Já no caso do Brasil, a
lógica é meramente oportunista. Para o presidente foi uma forma de obter o
apoio das elites econômicas. Para estas elites, uma forma de obter as reformas
que as interessam – que colocam todo o peso do
ajuste necessário nas costas dos assalariados, não importando que em troca o
governo possa cometer violências contra direitos civis, a Universidade, o
ensino fundamental, a cultura, a saúde e a proteção do ambiente.
Algumas dessas reformas
econômicas são necessárias, como a da previdência e a reforma trabalhistas, mas
poderiam ter sido menos desfavoráveis aos trabalhadores; outras são meramente
neoliberais como foi a emenda constitucional que estabeleceu um teto para
despesa pública independente do crescimento da população e do PIB.
Existe alguma perspectiva
de que esse quadro sombrio que acabei de descrever tanto no plano mundial
quanto no caso do Brasil possa ser superado? É possível pensar em um
desenvolvimentismo progressista e ambiental? É possível que parte da alta
classe média que tem servido de base para o neoliberalismo, e da baixa classe
média branca, que tem servido de base para o nacionalismo de direita, se deem
conta do quanto vêm sendo prejudicadas tanto pelo neoliberalismo quanto pelo
nacionalismo de direita e se somem às classes populares e os intelectuais
progressistas?
As dificuldades maiores, no
mundo rico, são a desigualdade crescente, a incapacidade do mercado de regular
a economia, e o problema da imigração que leva a baixa classe média branca a se
sentir ameaçada e a votar em candidatos de direita. As dificuldades maiores no
Brasil são a alta preferência pelo consumo imediato expresso no populismo
cambial e no populismo fiscal e a incapacidade crescente das elites econômicas
e das classes médias de se identificarem com a Nação dificultando que o país volte
a ter um projeto nacional de desenvolvimento.

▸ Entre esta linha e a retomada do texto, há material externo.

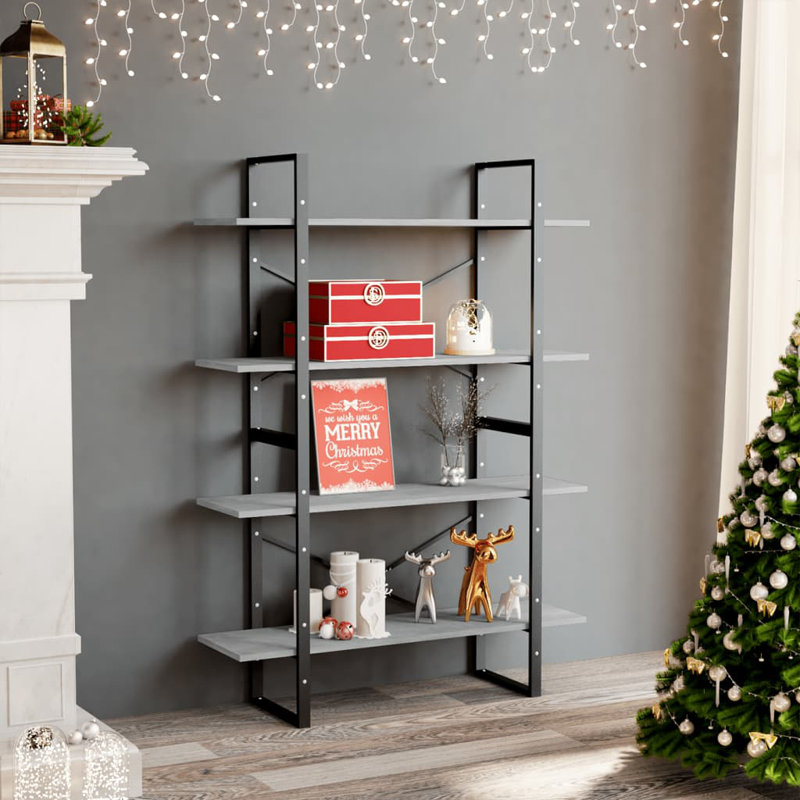 Bibliothèque Canne en bois d'ingénierie, Gris, (5 tablettes) H 68,9 po x l 39,4 po x P 11,8 po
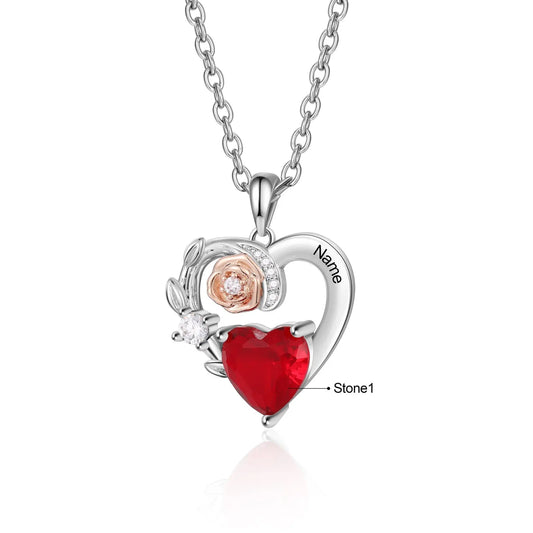 Custom Name Heart With Rose Flower Necklace - Memoriex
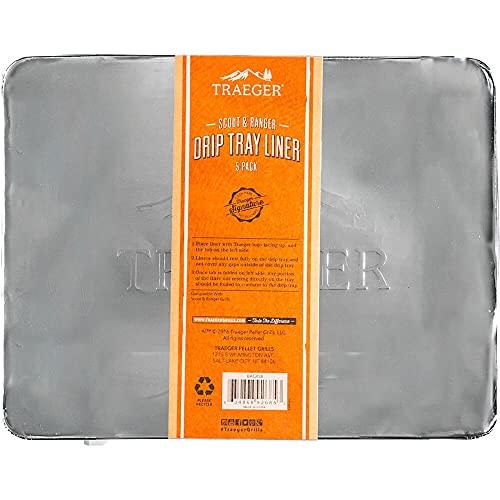 Traeger Grills BAC458 Ranger/Scout Drip Tray Liner Grill Accessory, 5 Count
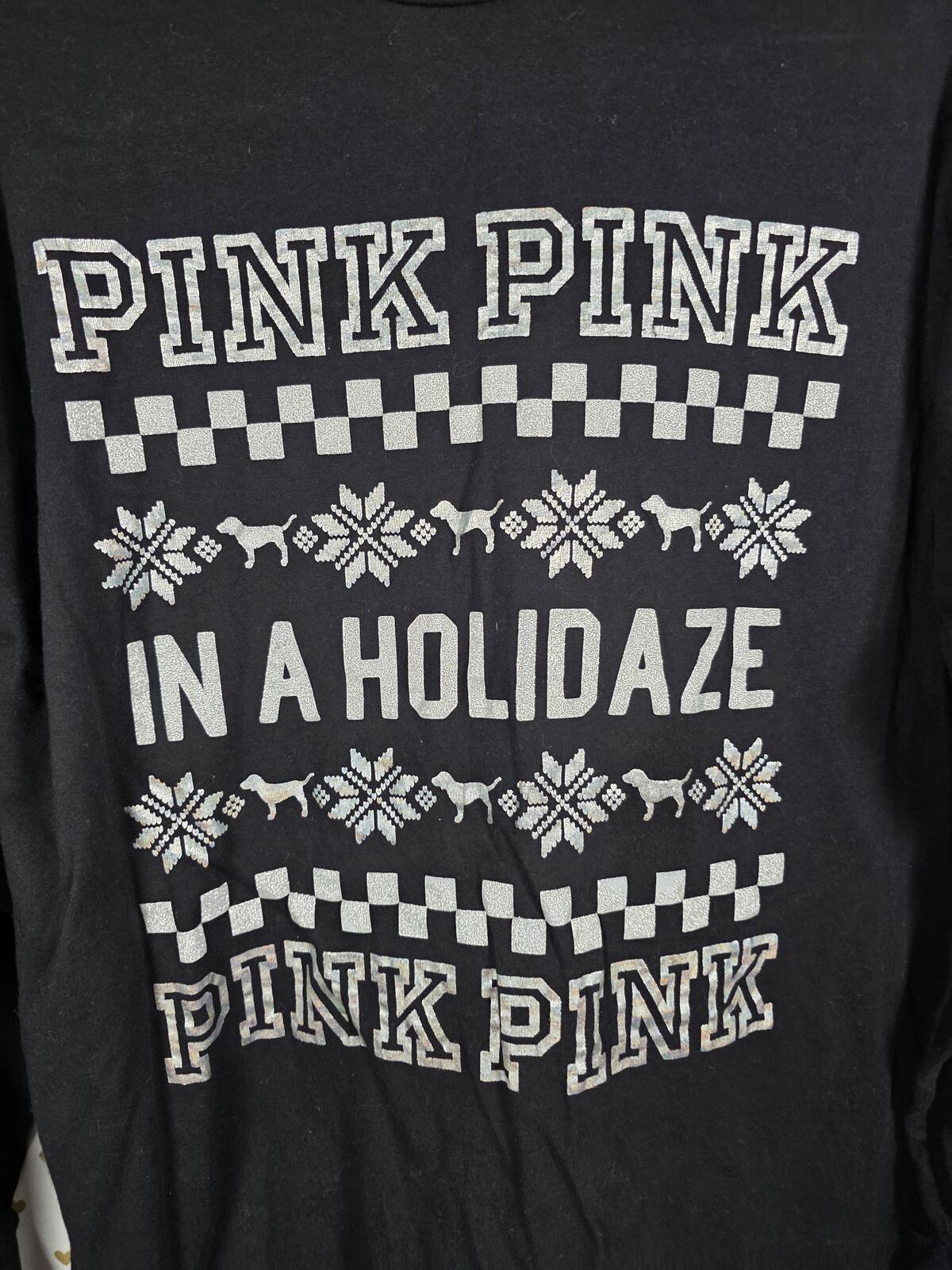 Victorias Secret PINK BLING HTF In a HOLIDAZE Sequined Long Sleeve Tee Shirt L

E há uma dificuldade básica:
falta ao mundo rico e ao Brasil uma teoria econômica e uma narrativa política
que deem conta dos desafios que as sociedades modernas hoje enfrentam – uma sociedade que tende a ser global, mas continua a ser principalmente
nacional.
*Luiz Carlos Bresser é professor
emérito da Fundação Getúlio Vargas (FGV-SP).